TV-Knaller „König von Köln“Was im Film über den kölschen Klüngel verschwiegen wird
Köln – Oppenheim-Esch: Der größte Klüngel-Skandal von Köln lieferte die Vorlage für die Fernseh-Satire „Der König von Köln“. Millionen sahen den Streifen Mittwochabend in der ARD – und Deutschland lachte (mal wieder) über Köln. Professor Frank Überall (48) schrieb seine Doktor-Arbeit über den kölschen Klüngel und hat gesehen, dass ein Aspekt in dem Film verschwiegen wird. Hier seine TV-Kritik:
Der Klüngel hat zwei Gesichter.
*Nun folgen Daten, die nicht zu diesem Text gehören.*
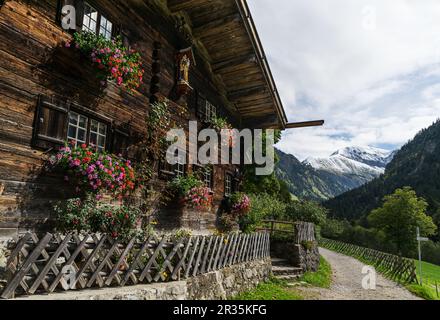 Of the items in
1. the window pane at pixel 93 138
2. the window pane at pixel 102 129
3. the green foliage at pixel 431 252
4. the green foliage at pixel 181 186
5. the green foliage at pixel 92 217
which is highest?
the window pane at pixel 102 129

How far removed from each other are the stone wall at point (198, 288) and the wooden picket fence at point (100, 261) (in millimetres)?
192

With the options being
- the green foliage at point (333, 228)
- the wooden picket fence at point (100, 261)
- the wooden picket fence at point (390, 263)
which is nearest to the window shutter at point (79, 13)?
the wooden picket fence at point (100, 261)

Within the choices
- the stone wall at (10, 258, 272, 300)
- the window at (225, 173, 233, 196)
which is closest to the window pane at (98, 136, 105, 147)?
the stone wall at (10, 258, 272, 300)

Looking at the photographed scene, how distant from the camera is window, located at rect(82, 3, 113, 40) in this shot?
22.5 ft

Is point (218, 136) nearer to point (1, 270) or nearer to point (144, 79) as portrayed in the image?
point (144, 79)

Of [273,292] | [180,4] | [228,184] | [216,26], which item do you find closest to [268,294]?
[273,292]

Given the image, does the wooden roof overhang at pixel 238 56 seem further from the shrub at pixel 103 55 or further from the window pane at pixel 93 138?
the window pane at pixel 93 138

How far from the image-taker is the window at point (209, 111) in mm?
12081

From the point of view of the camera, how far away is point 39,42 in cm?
572

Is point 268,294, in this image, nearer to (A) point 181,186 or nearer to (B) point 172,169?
(A) point 181,186

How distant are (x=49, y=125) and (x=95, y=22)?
2.94 meters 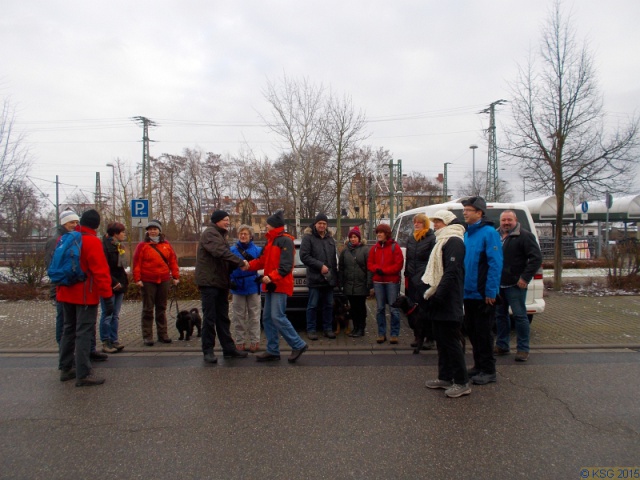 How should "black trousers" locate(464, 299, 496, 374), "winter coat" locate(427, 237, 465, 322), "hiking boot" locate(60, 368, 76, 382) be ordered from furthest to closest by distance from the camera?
"hiking boot" locate(60, 368, 76, 382), "black trousers" locate(464, 299, 496, 374), "winter coat" locate(427, 237, 465, 322)

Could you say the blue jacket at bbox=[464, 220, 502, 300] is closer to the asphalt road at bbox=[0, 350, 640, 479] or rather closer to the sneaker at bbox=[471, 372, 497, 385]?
the sneaker at bbox=[471, 372, 497, 385]

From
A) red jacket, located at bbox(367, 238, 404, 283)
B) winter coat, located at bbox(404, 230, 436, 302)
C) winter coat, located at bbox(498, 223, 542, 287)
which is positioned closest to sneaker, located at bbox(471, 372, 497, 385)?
winter coat, located at bbox(404, 230, 436, 302)

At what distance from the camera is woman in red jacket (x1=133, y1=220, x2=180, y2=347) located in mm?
6762

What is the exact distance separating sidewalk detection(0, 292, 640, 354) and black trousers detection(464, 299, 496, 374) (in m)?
1.57

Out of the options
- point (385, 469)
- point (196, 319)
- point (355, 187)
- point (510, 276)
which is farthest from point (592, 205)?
point (385, 469)

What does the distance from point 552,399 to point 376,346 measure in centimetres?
263

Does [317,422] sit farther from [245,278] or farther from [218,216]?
[218,216]

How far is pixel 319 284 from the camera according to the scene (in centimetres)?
702

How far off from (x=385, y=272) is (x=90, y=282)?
3822 mm

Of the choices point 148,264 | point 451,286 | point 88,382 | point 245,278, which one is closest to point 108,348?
point 148,264

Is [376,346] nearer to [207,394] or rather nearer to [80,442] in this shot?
[207,394]

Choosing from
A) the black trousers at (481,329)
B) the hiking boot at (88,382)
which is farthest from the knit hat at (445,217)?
the hiking boot at (88,382)

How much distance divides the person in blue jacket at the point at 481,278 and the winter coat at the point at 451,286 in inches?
A: 13.9

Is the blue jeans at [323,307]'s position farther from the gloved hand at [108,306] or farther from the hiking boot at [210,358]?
the gloved hand at [108,306] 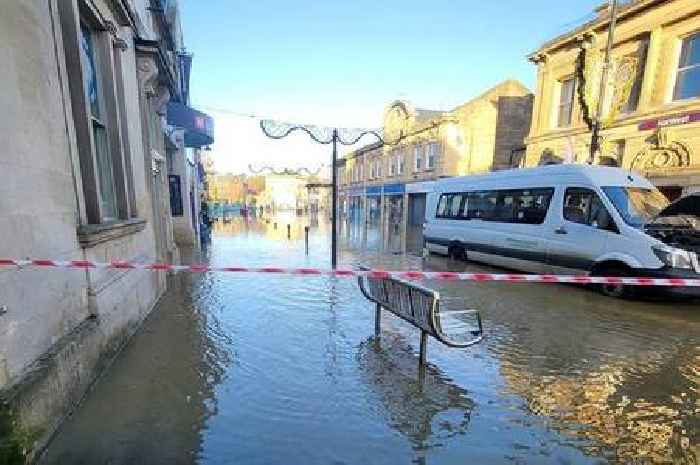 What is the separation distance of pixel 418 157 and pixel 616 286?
21.5 meters

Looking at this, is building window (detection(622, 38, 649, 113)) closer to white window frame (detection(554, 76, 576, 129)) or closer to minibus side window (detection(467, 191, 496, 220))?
white window frame (detection(554, 76, 576, 129))

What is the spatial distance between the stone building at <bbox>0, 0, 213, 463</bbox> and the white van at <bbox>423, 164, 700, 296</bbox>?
334 inches

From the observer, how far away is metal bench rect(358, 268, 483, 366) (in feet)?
13.6

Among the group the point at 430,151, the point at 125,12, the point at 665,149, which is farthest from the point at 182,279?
the point at 430,151

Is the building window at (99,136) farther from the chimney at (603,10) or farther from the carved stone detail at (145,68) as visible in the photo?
the chimney at (603,10)

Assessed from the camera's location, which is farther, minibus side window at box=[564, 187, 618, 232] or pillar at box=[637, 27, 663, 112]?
pillar at box=[637, 27, 663, 112]

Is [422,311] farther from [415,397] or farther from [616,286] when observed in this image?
[616,286]

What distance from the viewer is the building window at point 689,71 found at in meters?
12.5

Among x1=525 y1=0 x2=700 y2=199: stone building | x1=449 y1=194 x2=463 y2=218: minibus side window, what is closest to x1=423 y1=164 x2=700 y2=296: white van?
x1=449 y1=194 x2=463 y2=218: minibus side window

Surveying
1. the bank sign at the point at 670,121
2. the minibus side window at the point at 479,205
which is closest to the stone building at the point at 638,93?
the bank sign at the point at 670,121

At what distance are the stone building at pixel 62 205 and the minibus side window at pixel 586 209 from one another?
859 centimetres

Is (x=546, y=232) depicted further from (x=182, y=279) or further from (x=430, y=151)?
(x=430, y=151)

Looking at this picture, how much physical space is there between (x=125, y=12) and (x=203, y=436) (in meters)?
6.24

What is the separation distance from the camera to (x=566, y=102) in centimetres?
1705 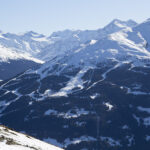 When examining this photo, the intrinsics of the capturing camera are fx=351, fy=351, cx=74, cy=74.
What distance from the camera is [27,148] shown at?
63719 millimetres

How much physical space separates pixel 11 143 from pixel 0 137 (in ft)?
10.7

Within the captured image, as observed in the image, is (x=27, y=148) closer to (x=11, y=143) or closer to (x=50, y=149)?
(x=11, y=143)

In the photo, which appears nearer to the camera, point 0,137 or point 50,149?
point 0,137

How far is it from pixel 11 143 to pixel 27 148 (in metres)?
3.06

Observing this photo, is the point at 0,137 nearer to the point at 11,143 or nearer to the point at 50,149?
the point at 11,143

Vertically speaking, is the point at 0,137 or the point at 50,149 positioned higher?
the point at 0,137

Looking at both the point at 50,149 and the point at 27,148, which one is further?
the point at 50,149

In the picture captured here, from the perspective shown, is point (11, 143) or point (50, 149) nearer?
point (11, 143)

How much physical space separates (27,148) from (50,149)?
13.1m

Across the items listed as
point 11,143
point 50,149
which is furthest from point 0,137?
point 50,149

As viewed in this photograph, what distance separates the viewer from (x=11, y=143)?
206ft

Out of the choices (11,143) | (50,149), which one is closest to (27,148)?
(11,143)

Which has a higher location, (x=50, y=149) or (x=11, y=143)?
(x=11, y=143)

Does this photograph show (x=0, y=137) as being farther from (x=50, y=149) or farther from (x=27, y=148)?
(x=50, y=149) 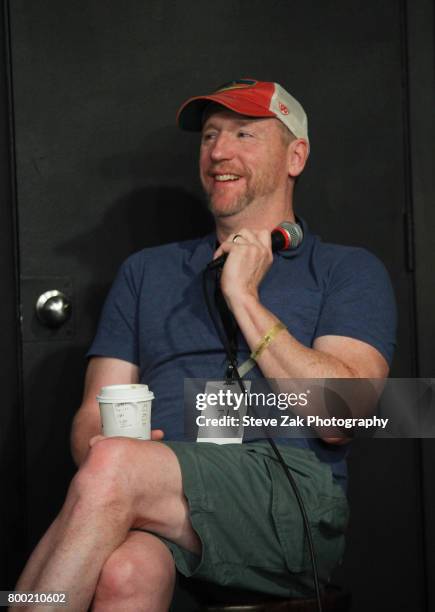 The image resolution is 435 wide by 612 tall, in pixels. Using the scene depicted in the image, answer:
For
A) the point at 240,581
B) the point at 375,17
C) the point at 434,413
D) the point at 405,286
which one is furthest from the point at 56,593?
the point at 375,17

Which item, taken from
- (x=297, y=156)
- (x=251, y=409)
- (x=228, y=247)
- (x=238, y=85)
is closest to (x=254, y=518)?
(x=251, y=409)

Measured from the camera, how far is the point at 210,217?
249cm

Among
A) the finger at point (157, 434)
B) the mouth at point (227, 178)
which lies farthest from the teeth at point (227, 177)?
the finger at point (157, 434)

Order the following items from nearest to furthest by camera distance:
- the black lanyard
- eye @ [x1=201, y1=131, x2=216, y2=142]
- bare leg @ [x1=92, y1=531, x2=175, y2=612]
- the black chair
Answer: bare leg @ [x1=92, y1=531, x2=175, y2=612], the black chair, the black lanyard, eye @ [x1=201, y1=131, x2=216, y2=142]

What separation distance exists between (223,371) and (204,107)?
0.79 meters

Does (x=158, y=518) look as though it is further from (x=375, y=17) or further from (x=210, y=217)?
(x=375, y=17)

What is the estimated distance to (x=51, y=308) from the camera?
2299 millimetres

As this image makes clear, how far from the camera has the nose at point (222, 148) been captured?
2150 millimetres

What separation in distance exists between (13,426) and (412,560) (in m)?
1.24

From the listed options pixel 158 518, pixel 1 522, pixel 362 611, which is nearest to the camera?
pixel 158 518

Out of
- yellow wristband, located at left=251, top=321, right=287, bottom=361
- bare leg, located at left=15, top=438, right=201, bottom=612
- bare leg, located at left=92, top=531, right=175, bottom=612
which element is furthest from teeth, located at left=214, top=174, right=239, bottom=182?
bare leg, located at left=92, top=531, right=175, bottom=612

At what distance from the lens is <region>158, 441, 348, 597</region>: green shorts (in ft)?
5.16

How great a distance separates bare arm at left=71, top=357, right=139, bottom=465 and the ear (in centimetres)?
69

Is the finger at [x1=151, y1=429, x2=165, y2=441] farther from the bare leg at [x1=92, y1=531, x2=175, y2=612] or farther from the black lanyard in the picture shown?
the bare leg at [x1=92, y1=531, x2=175, y2=612] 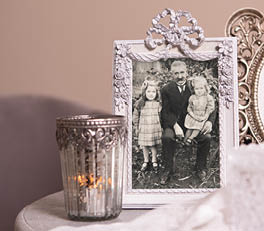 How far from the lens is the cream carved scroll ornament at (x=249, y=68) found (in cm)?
104

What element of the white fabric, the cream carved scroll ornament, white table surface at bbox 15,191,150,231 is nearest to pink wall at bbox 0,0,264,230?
the cream carved scroll ornament

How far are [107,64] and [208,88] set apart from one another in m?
0.41

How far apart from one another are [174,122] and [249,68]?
0.85 feet

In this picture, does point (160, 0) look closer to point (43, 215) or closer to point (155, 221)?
point (43, 215)

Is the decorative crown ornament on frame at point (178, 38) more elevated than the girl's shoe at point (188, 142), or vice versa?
the decorative crown ornament on frame at point (178, 38)

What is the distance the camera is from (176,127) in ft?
2.97

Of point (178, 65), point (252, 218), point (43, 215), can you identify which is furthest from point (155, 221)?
point (178, 65)

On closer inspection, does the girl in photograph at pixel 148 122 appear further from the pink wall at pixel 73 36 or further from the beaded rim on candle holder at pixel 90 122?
the pink wall at pixel 73 36

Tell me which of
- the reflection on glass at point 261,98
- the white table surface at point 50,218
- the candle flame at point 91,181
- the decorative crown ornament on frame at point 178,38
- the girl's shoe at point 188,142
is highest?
the decorative crown ornament on frame at point 178,38

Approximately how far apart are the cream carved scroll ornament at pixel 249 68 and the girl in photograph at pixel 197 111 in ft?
0.51

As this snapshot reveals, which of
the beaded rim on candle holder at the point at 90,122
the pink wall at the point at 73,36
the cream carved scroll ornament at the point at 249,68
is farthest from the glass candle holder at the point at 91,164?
the pink wall at the point at 73,36

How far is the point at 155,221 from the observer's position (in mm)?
580

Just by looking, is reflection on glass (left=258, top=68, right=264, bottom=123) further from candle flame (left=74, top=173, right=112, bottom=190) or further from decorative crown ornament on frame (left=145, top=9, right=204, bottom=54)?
candle flame (left=74, top=173, right=112, bottom=190)

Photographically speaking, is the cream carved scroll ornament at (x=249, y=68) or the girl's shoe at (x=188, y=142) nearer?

Er kann gut oder schlecht sein, lebenswert oder korrupt. In einer Satire wie „Der König von Köln“ bleibt kein Raum dafür, beide Seiten zu zeigen.
Das Publikum sollte herzhaft lachen. Da kann man den positiven Klüngel nicht zeigen. Der ist zu wenig absurd, kein humoristischer Schenkelklopfer. Er ist halt normal. Man kennt sich, man hilft sich – im Veedel, auf der Arbeit, in der Kneipe. Einfach so. Ohne „Dankesschulden“ anzuhäufen, wie es der Soziologie-Professor Erwin Scheuch mal formuliert hat.
ARD-Film „Der König von Köln“: Nah am realen Fall
Genau um dieses korruptive Anhäufen von „Dankesschulden“ aber geht es in „Königsklüngelfilm“ der ARD. Zugespitzt zeigen die Schauspieler ganz nah an einem realen Fall, wie vermeintlich l(i)ebenswerter Klüngel zu kühler Korruption führen kann. Da schleimt sich der „königliche“ Bauunternehmer mit mehr oder weniger kleinen Hilfen bei den Reichen und Mächtigen der Stadt ein. Jede Wohltat wird von ihm penibel in einem analogen Notizbuch notiert – weil man das im Gegensatz zu digitalen Beweismitteln nicht so leicht ausspähen kann. Später stellt er eiskalt berechnend seine illegalen Gegenforderungen.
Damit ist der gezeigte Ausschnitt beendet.